Query performance in multidimensional matrices for data that lend themselves to
dimensional formatting can be much better than in the relational data model.
For a corporate data warehouse, three examples of dimensions would be the
corporation's fiscal periods, products and regions.
Multidimensional
models lend themselves readily to hierarchical views such as roll-up display
and drill-down display. Roll-up display moves up the hierarchy, grouping into
larger units along a dimension. A drill-down display provides the opposite
capability, furnishing a finer-grained view through disaggregating process.
The
Multidimensional storage model involves two types of tables: dimension
tables and fact tables. A dimension table consists of tuples of attributes
of the dimension. A fact table can be thought of as having tuples, one per a
recorded fact. This fact contains some measured or observed variables and
identifies them with pointers to dimension tables.
Two
common multidimensional schemas are the star schema and the snowflake
schema. The star schema consists of a fact table with a single table for
each dimension. The snowflake schema is a variation on the star schema in which
the dimensional tables from a star schema are organized into a hierarchy by
normalizing them. A fact constellation is a set of fact tables that
share some dimension tables.
Data
warehouse storage also utilizes indexing techniques to support high performance
access. A technique called bitmap indexing constructs a bit vector for each value
in a domain (column) being indexed. It does well for domains of
low-cardinality. Bitmap indexing can provide considerable input/output and
storage space advantages in low-cardinality domains. With bit vectors a bitmap
index can provide dramatic improvements in comparison, aggregation, and join
performance.
In
a star schema, dimensional data can be indexed to tuples in the fact table by
join indexing. Join indexes are traditional indexes to maintain relationships
between primary key and foreign key values. They relate the values of a
dimension of a star schema to rows in the fact table. Data warehouse storage
can facilitate access to summary data by taking further advantage of the
nonvolatility of data warehouses and a degree of predictability of the analyses
that will be performed using them.
Building a Data Warehouse
Warehouse
builders should take a broad view of the anticipated use of the warehouse. The
design should specifically support adhoc querying that is, accessing data with
any meaningful combination of values for the attributes in the dimension or
fact tables. The following steps are being involved during the data acquisition
phase.
1.
The data must be extracted from multiple, heterogeneous sources such as
databases or other data feeds.
2.
Data must be formatted for consistency within the data warehouse. Names,
meanings and domains of data from unrelated sources must be reconciled.
3.
The data must be cleaned to ensure validity. Data cleaning is an important part
in building a data warehouse and it is being touted as the largest
labor-demanding one. For input data, cleaning process has to be performed
before the data are loaded in the warehouse. Data warehouse builders have to
check for validity and quality when the input data must be examined and
formatted consistently.
4.
The data must be fitted into the data model of the warehouse. Data from the
various sources must be installed in the data model of the warehouse. Data may
have to be converted from relational, object-oriented, or legacy databases.
5.
The data must be loaded into the warehouse. The sheer volume of data in the
warehouse makes loading the data a significant task. Monitoring tools for loads
as well as methods to recover from incomplete or incorrect loads are required.
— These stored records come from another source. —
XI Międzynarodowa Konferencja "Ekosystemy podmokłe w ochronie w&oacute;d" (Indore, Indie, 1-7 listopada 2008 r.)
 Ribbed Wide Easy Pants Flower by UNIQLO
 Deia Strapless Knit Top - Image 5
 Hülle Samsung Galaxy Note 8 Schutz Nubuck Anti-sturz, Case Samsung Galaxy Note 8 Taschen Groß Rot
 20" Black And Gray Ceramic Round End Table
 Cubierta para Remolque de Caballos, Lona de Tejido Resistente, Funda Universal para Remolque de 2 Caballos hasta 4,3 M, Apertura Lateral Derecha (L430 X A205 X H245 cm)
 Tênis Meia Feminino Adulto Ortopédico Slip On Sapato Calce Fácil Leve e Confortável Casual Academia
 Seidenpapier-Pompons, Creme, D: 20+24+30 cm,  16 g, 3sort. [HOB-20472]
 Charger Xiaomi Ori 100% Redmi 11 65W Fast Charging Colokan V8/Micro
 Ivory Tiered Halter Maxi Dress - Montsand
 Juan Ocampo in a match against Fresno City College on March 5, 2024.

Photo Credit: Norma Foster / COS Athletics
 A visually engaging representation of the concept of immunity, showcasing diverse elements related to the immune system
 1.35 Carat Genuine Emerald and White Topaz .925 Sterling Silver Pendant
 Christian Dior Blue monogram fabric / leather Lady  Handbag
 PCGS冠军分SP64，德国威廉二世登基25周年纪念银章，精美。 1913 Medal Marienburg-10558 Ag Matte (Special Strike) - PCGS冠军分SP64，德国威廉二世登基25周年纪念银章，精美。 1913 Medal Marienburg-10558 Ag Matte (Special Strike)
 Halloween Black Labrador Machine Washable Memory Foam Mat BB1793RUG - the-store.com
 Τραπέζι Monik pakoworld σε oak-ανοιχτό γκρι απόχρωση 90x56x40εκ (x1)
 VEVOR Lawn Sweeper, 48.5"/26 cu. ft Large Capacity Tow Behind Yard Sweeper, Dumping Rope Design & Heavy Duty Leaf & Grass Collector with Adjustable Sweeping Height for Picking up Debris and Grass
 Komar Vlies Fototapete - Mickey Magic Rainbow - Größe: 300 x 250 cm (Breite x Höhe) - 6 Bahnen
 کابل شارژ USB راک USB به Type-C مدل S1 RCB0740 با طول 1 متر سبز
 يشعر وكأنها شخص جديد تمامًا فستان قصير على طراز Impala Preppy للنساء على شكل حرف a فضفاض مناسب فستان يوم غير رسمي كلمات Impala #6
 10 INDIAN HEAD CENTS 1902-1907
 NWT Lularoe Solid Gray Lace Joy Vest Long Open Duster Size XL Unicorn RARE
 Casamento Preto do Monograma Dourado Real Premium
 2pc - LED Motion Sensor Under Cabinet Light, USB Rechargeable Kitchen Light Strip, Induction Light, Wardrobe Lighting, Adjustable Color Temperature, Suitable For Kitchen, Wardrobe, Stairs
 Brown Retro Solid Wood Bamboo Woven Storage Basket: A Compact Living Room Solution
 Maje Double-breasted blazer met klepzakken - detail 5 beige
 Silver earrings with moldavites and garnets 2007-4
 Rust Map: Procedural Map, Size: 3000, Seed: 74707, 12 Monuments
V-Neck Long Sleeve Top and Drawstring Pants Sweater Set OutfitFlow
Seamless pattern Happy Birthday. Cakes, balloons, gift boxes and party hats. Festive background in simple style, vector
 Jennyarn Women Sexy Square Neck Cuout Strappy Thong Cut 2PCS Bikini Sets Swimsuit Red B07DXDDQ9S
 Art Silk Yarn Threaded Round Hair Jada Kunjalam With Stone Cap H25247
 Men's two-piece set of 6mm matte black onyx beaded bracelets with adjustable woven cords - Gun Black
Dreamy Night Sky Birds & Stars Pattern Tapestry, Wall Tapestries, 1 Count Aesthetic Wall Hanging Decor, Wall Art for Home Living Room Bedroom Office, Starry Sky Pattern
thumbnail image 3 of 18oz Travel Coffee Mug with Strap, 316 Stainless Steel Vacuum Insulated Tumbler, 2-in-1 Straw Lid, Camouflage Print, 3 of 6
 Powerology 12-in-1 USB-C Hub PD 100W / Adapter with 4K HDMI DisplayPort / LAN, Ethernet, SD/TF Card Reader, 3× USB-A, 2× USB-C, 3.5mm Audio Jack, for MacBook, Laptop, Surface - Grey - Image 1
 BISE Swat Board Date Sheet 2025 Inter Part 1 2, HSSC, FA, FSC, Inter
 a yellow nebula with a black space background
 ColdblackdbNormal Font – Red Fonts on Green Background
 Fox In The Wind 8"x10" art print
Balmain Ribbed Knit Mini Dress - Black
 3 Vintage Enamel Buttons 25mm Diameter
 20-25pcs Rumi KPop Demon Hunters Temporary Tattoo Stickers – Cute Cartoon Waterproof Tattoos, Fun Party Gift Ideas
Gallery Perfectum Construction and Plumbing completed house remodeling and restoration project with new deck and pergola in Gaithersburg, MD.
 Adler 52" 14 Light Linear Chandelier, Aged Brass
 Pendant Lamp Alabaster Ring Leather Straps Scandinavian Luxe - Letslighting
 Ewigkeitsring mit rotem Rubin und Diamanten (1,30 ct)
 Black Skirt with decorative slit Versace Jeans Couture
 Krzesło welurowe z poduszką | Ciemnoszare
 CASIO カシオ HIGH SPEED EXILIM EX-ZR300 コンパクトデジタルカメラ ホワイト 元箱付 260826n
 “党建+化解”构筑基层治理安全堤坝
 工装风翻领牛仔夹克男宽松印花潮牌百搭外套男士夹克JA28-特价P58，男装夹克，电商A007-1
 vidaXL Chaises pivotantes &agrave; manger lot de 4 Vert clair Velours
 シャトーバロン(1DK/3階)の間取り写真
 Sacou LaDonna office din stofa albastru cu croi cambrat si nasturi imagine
With the huge volume of data in the warehouse, incremental updating is usually
the only feasible approach. The refresh policy will probably emerge as a
compromise that takes into account the answers to the following questions.
How
up-to-date the data must be?
Can
the warehouse go off-line, and for how long?
What
are the data interdependencies?
What
is the storage availability?
What
are the distribution requirements such as for replication and partitioning?
What
is the loading time including cleaning, formatting, copying, transmitting and
overhead such as index rebuilding?
Data
storage in a data warehouse involves the following processes:
Storing
the data according to the data model of the warehouse
Creating
and maintaining required data structures
Creating
and maintaining appropriate access paths
Providing
for time-variant data as new data are added
Supporting
the updating of warehouse data
Refreshing
and purging the data
The
sheer volume of data in the warehouse generally makes it impossible to simply
reload the warehouse in its entirety later on. There are a couple of
alternatives for this problem such as selective refreshing of data and separate
warehouse versions. When the warehouse uses an incremental data refreshing
mechanism, data may need to be periodically purged.
Data
warehouses should also be designed with by taking the environment in which they
reside into account. The important points behind the data warehouse design are
.
Usage projections
.
The fit of the data model
.
Characteristics of available sources
.
Design of the metadata component
.
Modular component design
.
Design for manageability and change
There
are mainly two types of data warehouses. They are distributed warehouse and
federated warehouse. For a distributed data warehouse, all the issues such as
replication, partitioning, communication and consistency, of distributed
databases are taken into account. As usual, the benefits of distribution, such
as load balancing, scalability of performance and higher availability, are available
with distributed data warehouse. A single replicated metadata repository would
reside at each distribution site.
The
idea of the federated warehouse is like that of the federated database: a
decentralized confederation of autonomous data warehouses, each with its own
metadata repository. Given the magnitude of the challenge inherent to data
warehouses, it is likely that such federations will consist of smaller-scale
components, such as data marts. Large organizations may choose to federate data
marts rather than build huge data warehouses.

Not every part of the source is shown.